The launch of the restoration of the nurses’ trainee allowance, set for to take place in Sunyani in the Brong Ahafo Region on October 10, will see about 58,000 trainee nurses and midwives receive their monthly allowance after they were scrapped in 2016 by the John Mahama government.
The decision to have an occasion just to symbolize the restoration has been criticized as simply a frivolous move from the government by some sections of the public.
The Minister of Health, Kwaku Agyemang-Manu, defended the launch, asking why the people would expect the government to restore the allowance quietly.
“We are launching [the restoration of the allowance] to demonstrate to Ghanaians that the government has honored its promise. We don’t want to hide in a room somewhere, pay the allowance and that is the end of it. Ghanaians should know what we are doing,” the Minister of Health stated to the Media after appearing before Parliament.
He stressed that, it was important “to communicate the good works of our President and that is why are we are launching.

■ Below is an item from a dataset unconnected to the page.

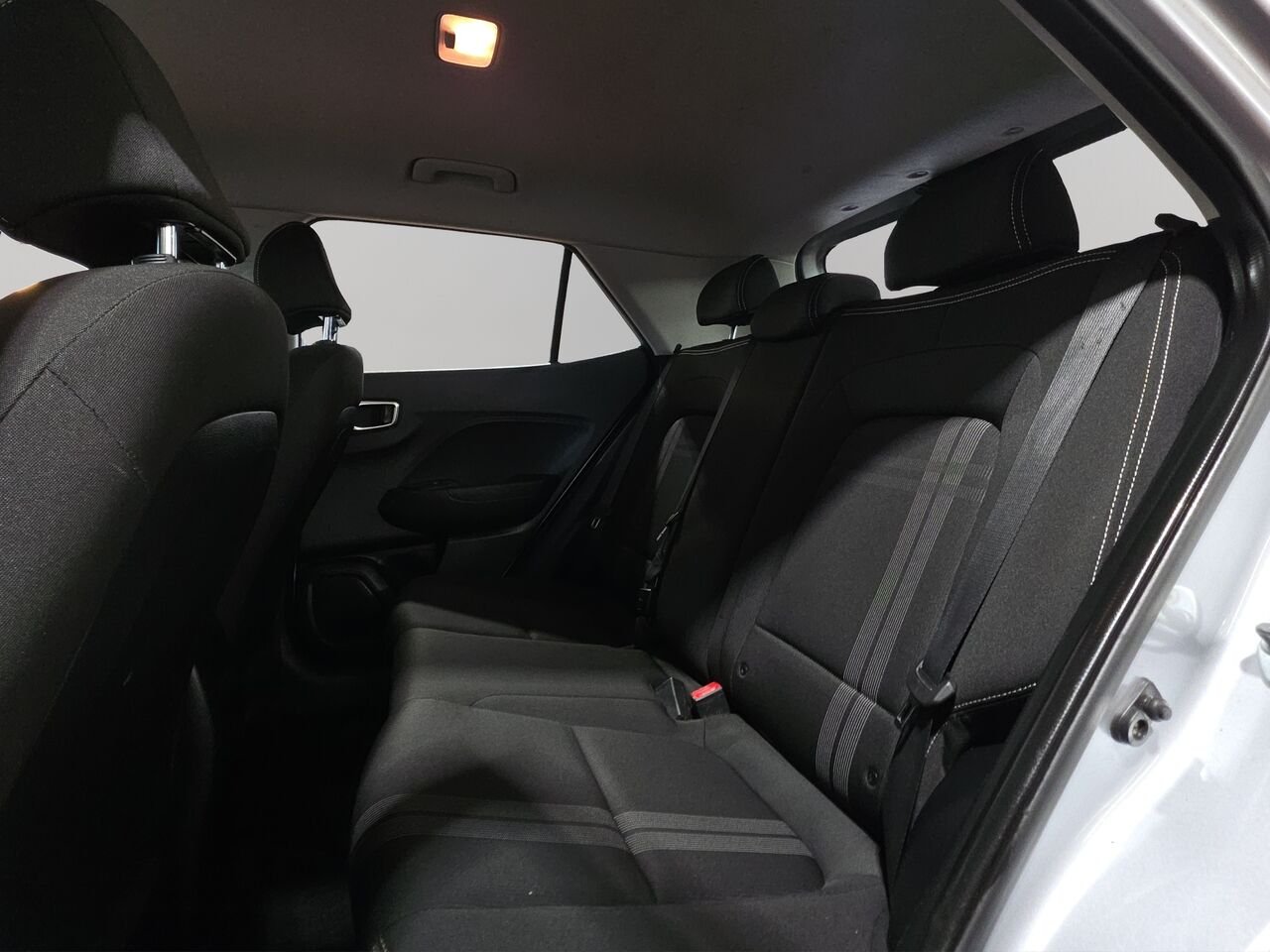 Hyundai Venue Preferred IVT, volant chauffant, commande audio au volant, Apple Carplay 2021 Argent Val-David - photo #14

People are happy; they want to jubilate about it and we want them to jubilate about it.”
The trainee Nurses allowance was initially scrapped to allow the various training colleges to admit more students in a decision which was met with wide condemnation.
The National Democratic Congress (NDC) earmarked a students’ loan scheme in place of the allowance.
But the Mahama government had agreed to pay a reduced allowance for the trainees temporarily, until such a time that they are finally moved onto the students’ loan scheme.